The mistakes were mostly the same as the previous chapters, such as how you write tags ("Hello," he said not "Hello." He said). I forgot to mention (forgive me, master) that you tend to mix the present and past tenses. I don't really mind it that much, but it makes the story slightly less fluent.
They went to the tree to hide, right? It was a bit hard to tell, because the just climbed up something, and he said they have different hiding spots in chapter three. Oh, speaking of chapter three, that message is still there at the end, if you want to remove it.
I'm still a little curious about some of the characters and how they're related. It seems like the aunt likes talking to Chris's friends, because she read Gabrielle's Facebook message, and I think she was talking to Markus, because he said she mentioned how Chris likes those flowers. Unless that was from the aunt's conversation with Markus's sister. Anyway, if you were thinking of adding it, I would like to see what kind of person Chris's aunt is. She seems really interesting.

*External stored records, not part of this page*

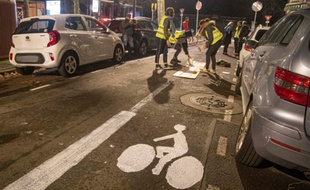 Des activistes d'ANV-Cop 21 ont tracé une piste cyclable dans la nuit du 10 au 11 janvier 2020 à Toulouse.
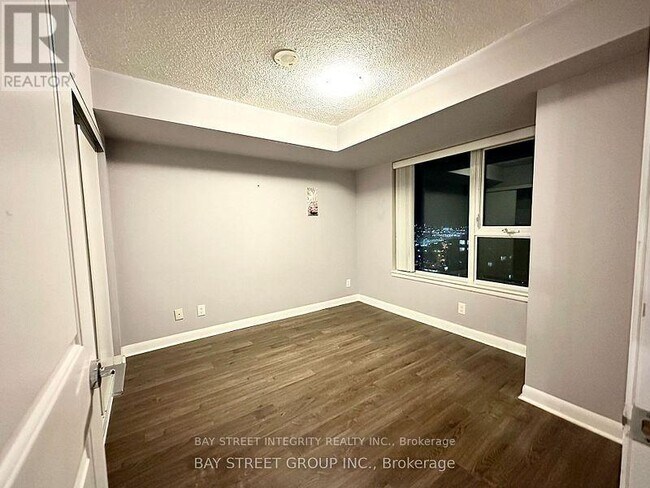 Photo du bâtiment - 190 Borough Dr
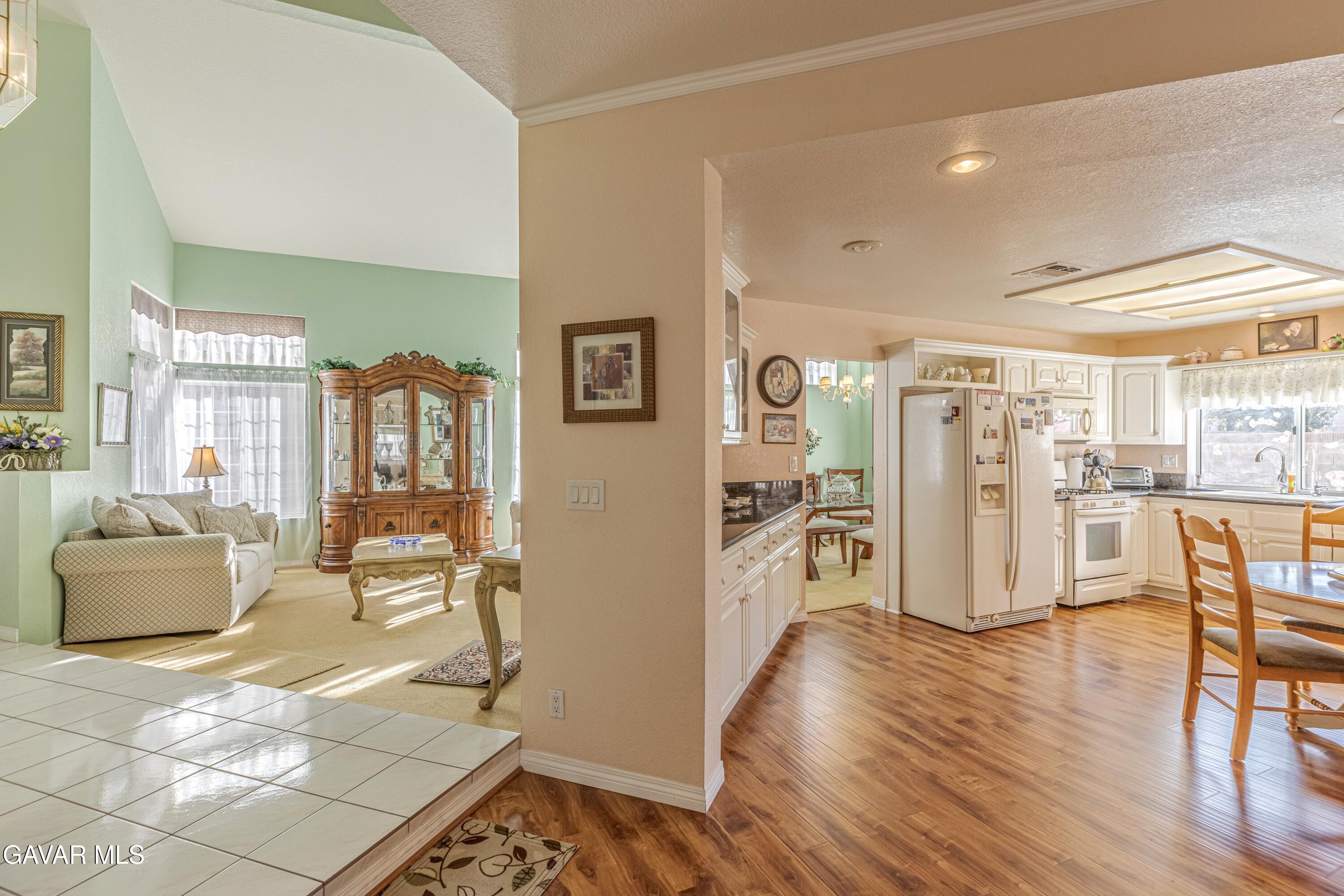 44345 Shad Street Lancaster, CA 93536 - Photo 11 of 42 Living-Kitchen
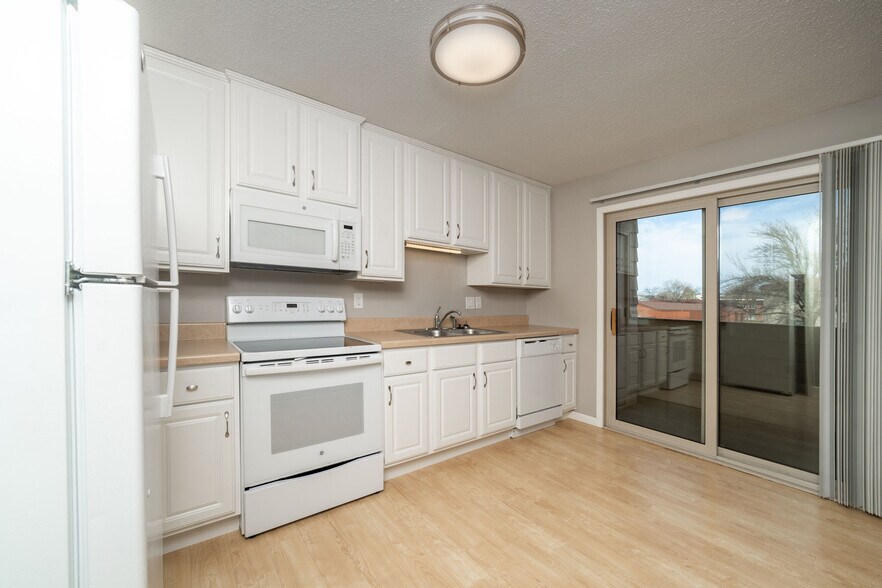 3246-3254 16th Ave S, Fargo, ND à vendre - Photo de l’immeuble – Image 2 sur 15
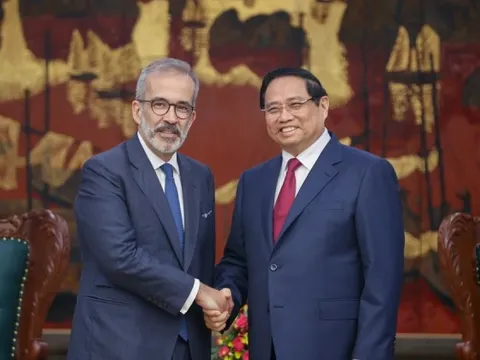 Doanh nghiệp Bồ Đào Nha muốn tham gia các dự án năng lượng tái tạo ở Việt Nam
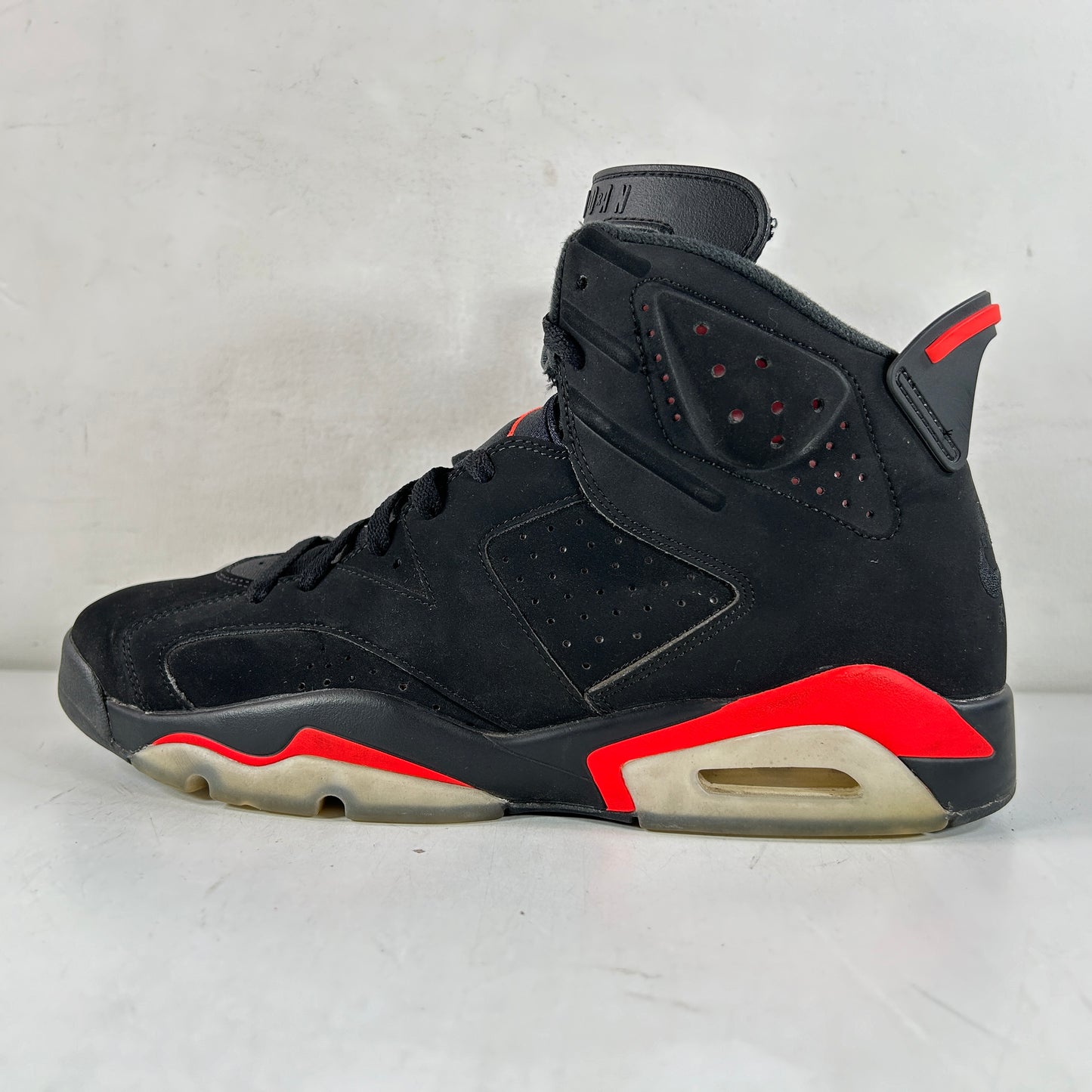 384664 060 Jordan 6 Retro Black Infrared (2019) [USED] - 11 M (Used) (No Box)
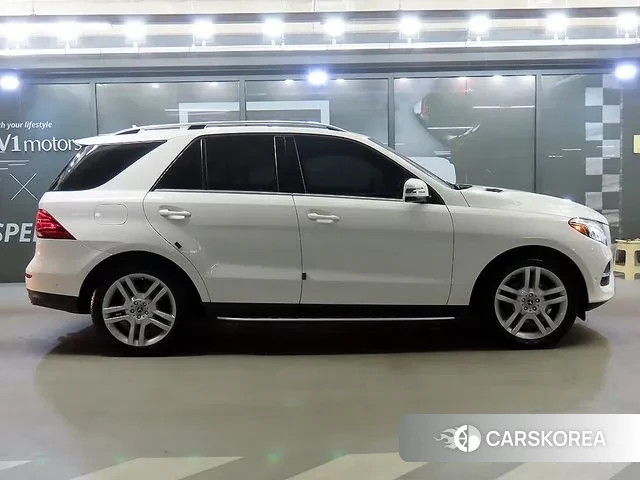 Mercedes-Benz GLE - Class W166 id 3474689 из Кореи 13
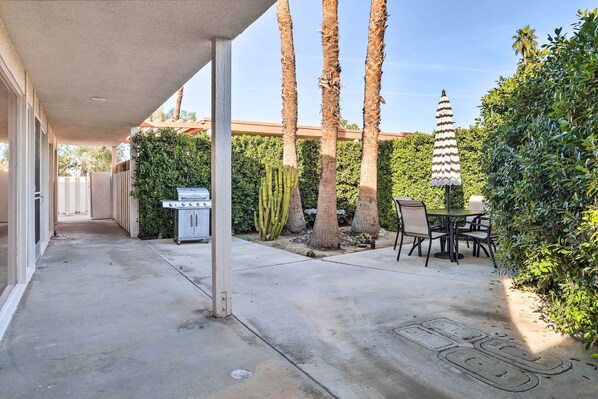 Cottage (2 Bedrooms) | Interior - Trendy Palm Desert Home w/ Patio, Pool Access (Palm Desert)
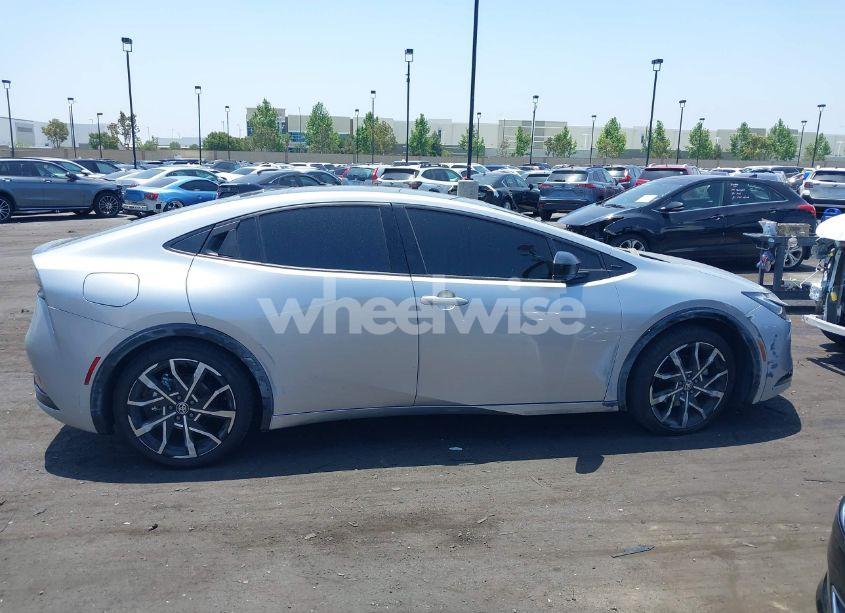 Photo 13 of 2024 Toyota Prius PRIME XSE (VIN JTDACACU8R3020136)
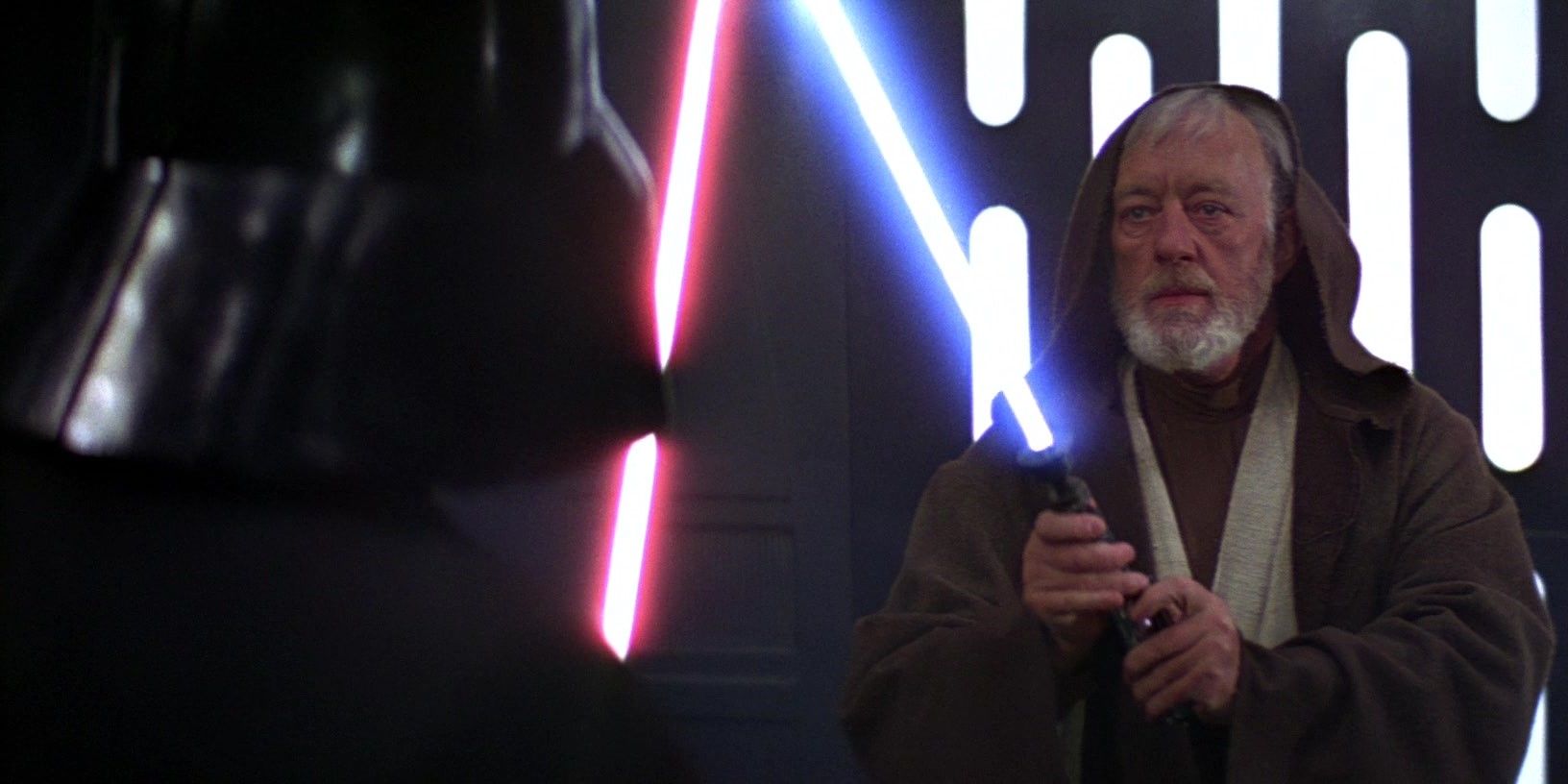 Obi-Wan Kenobi (Alec Guinness) desliga seu sabre de luz enquanto luta contra Darth Vader em Star Wars: Episódio VI – Uma Nova Esperança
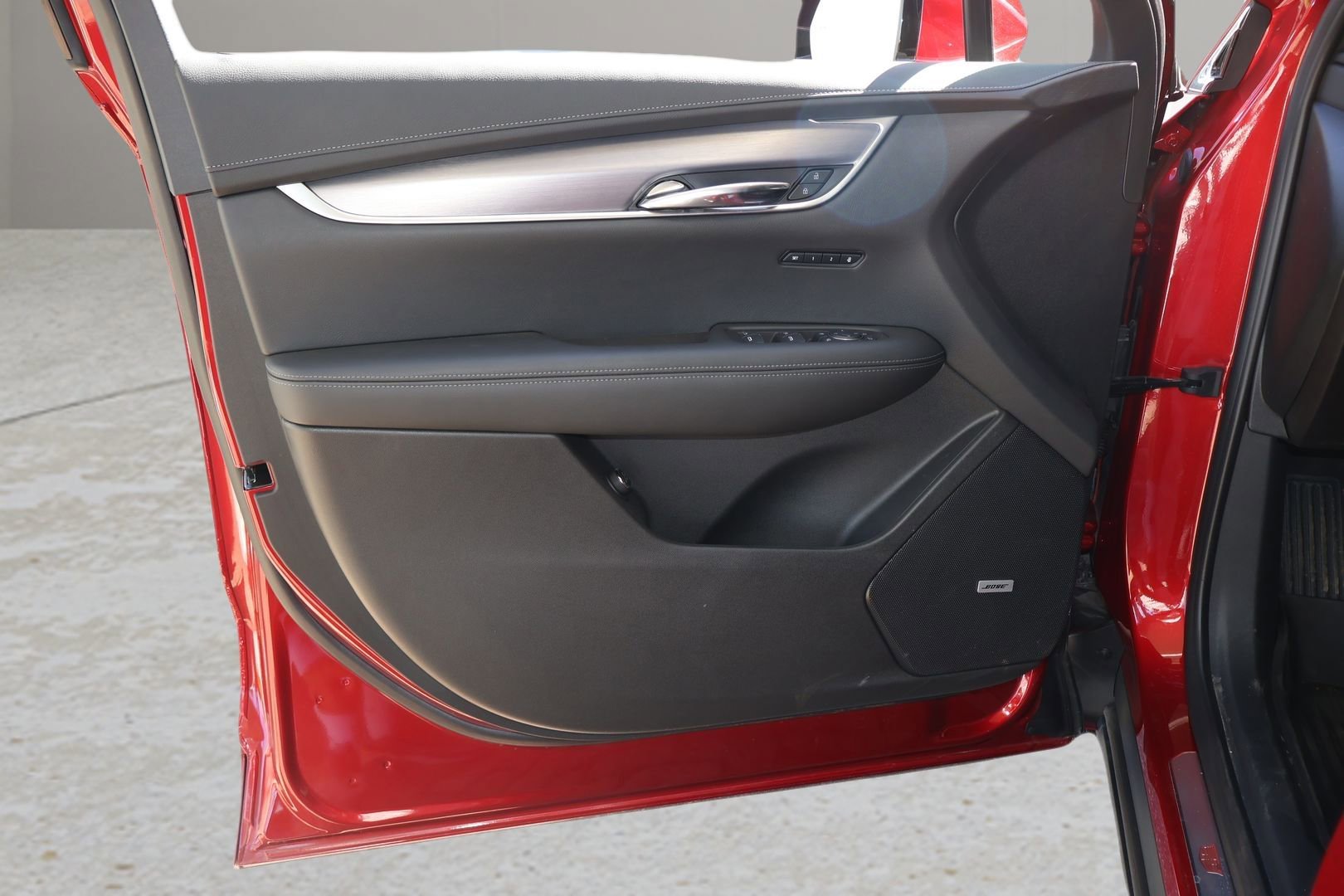 New 2025 Cadillac XT6 Luxury w/ LPO, Floor Liner Package AWD/4WD image 10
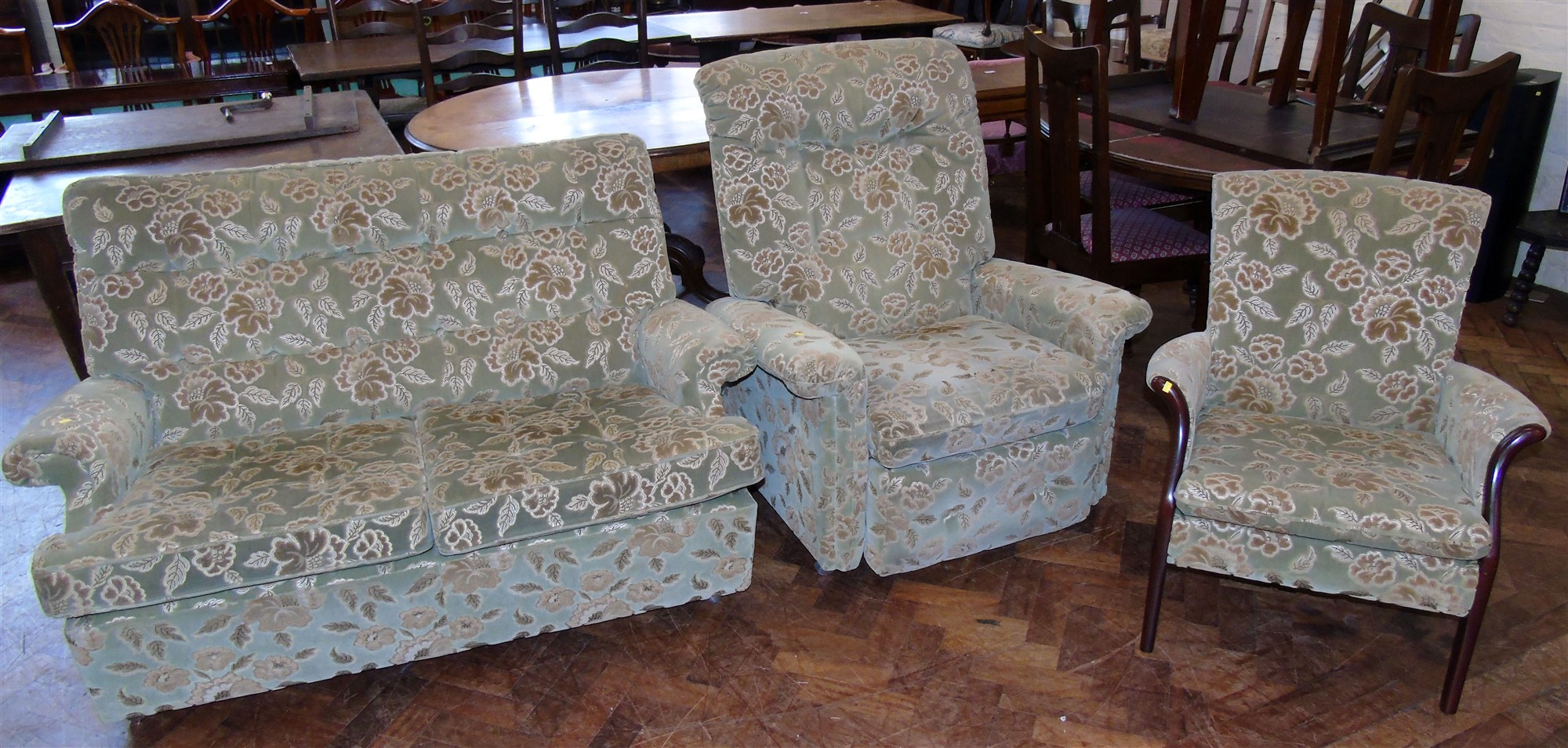 Parker Knoll three piece suite. Condition reports are not availabe for our Interiors Sales.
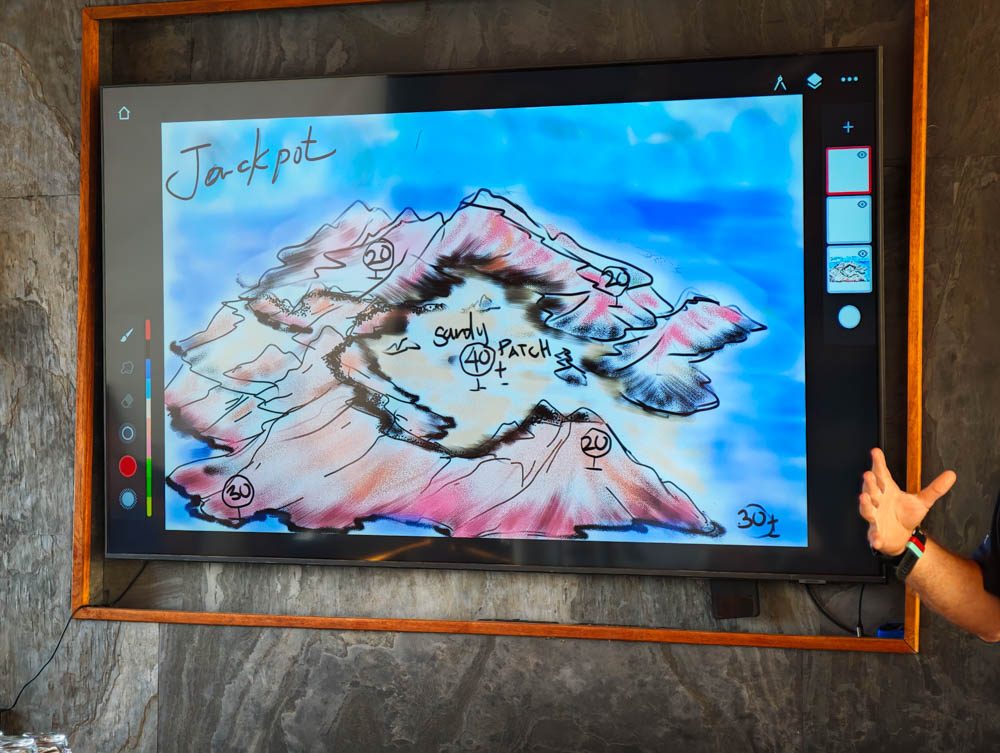 Dive briefing drawing of Jackpot pinnacle at Suanggi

I looked up what a torivor is on Bing (I'm still not sure =P) and a bunch of other things from your story showed up, like the Beyonders books, Minecraft, the Philippines, and Lurker (which sounds like Lurky).
It's funny how Chris zones out and changes the topic so easily, which is definitely something I can relate to. I like how she went from Lurky to the platanus trees, and from making out to chicken. The way she described the couple also made me laugh. This is a fun, crazy story. I can only guess what will happen in the future chapters, and look forward to reading them.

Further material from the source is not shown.